F(c)=sgn[f1(c1)+f2(c2)+f3(c3)+f4(c4)+f5(c5)+f6(c6)+f7(c7)+b]
formula (1)
In the formula (1), F (c) represents the effectiveness of the treatment scheme of the brain glioma, F (c) returns that the value is-1 to represent the effectiveness, returns that the value is 1 to represent the ineffectiveness; c. C1、c2、c3、c4、c5、c6And c7Respectively and sequentially showing Ki67 positive rate, microglia positive rate, cytotoxic T cell positive rate, helper T cell positive rate, natural killer cell positive rate, CD31 positive rate and CD105 positive rate; f. of1(c1)、f2(c2)、f3(c3)、f4(c4)、f5(c5)、f6(c6) And f7(c7) Respectively, the kernels obtained by training according to the modeling algorithmB is a critical score value obtained by training according to the modeling algorithm; the output device is used for outputting the effectiveness of the brain glioma treatment scheme.
Through the technical scheme, the system for screening the treatment scheme of the brain glioma, which is provided by the disclosure, is provided with the culture device, the brain glioma organoid can be cultured, and the brain glioma organoid obtained by culture is used for screening the treatment scheme of the brain glioma.

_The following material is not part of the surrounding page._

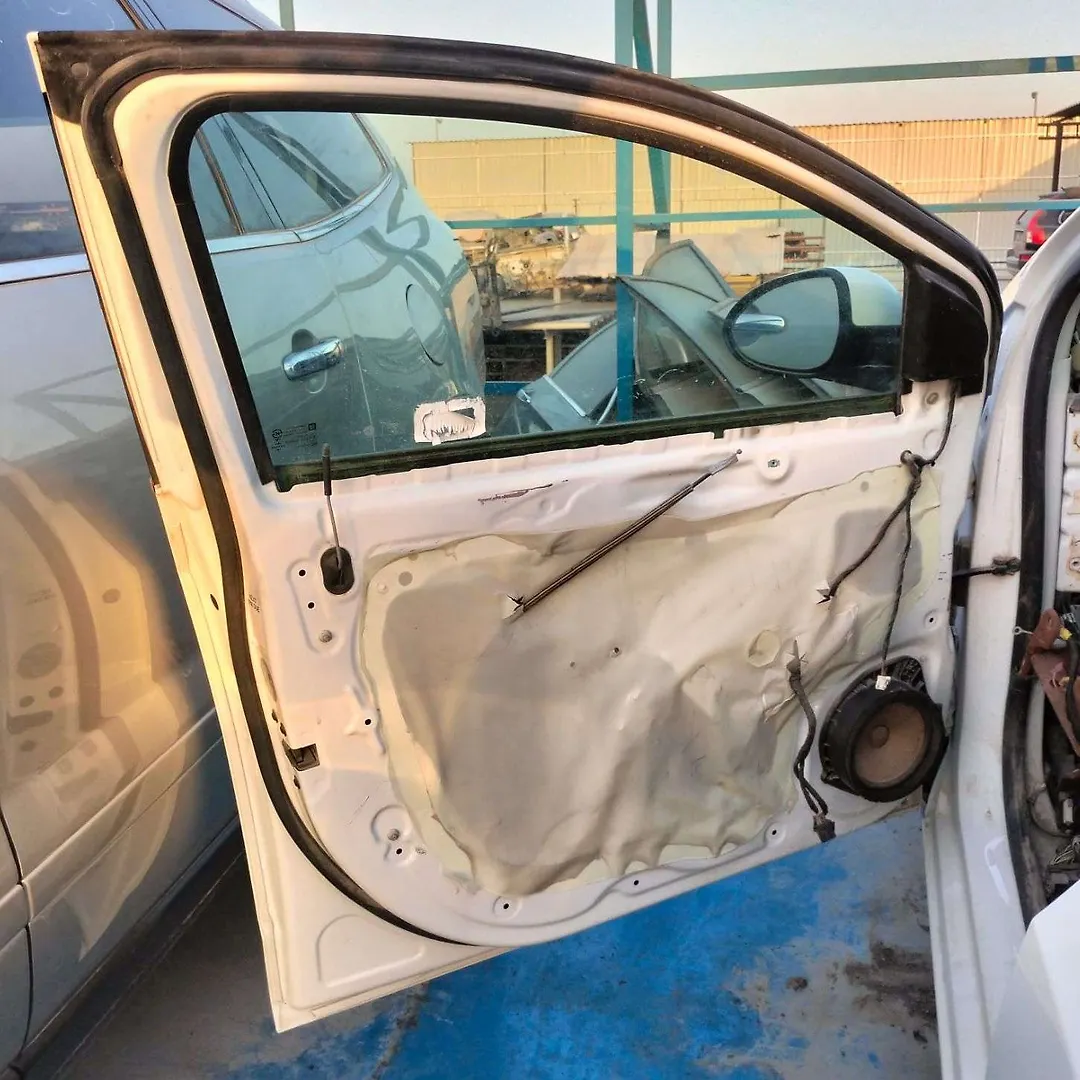 Door (LHF) - 2017 Chevrolet Sonic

The technical scheme of the disclosure provides a high-specificity and high-sensitivity biomarker and a curative effect prediction model for the curative effect screening of a glioma treatment scheme, and provides a novel and efficient auxiliary tool for clinically formulating the glioma treatment scheme.

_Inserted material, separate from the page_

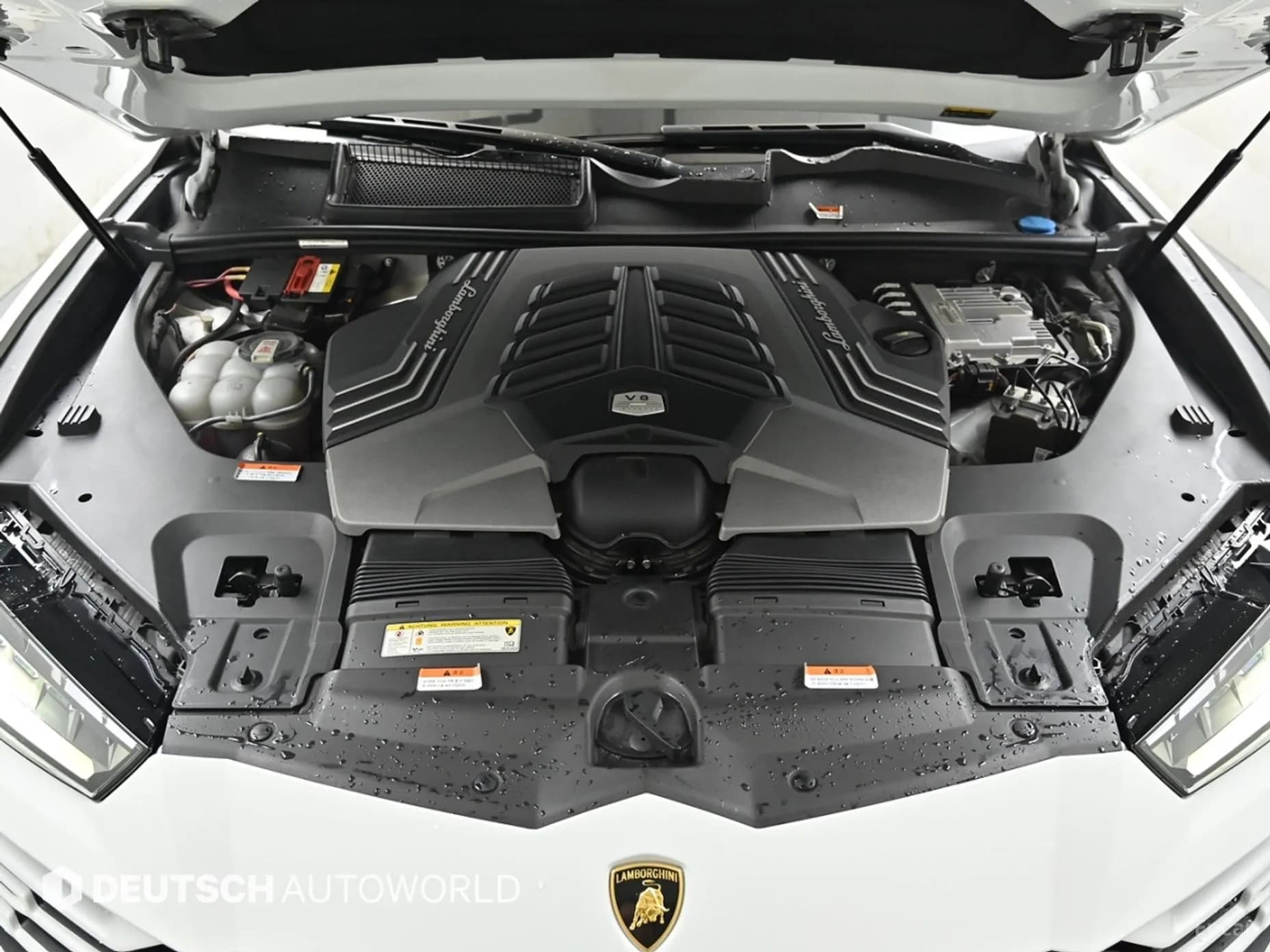 Urus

According to the present disclosure, in order to increase the success rate of culturing the brain glioma organoids, the culture medium in step a preferably comprises DMEM/F12 culture medium, Neurobasal medium, cell culture additive Glutamax, non-essential amino acids NEAAs, cell culture additive B-27 without vitamin a, penicillin-streptomycin and insulin. The culture medium containing the components can provide proper nutrient substances for growth and proliferation of the glioma cells and cells in a glioma microenvironment, provide basic conditions for directly utilizing the glioma tissue blocks to culture glioma organoids, and improve the success rate of glioma organoid culture.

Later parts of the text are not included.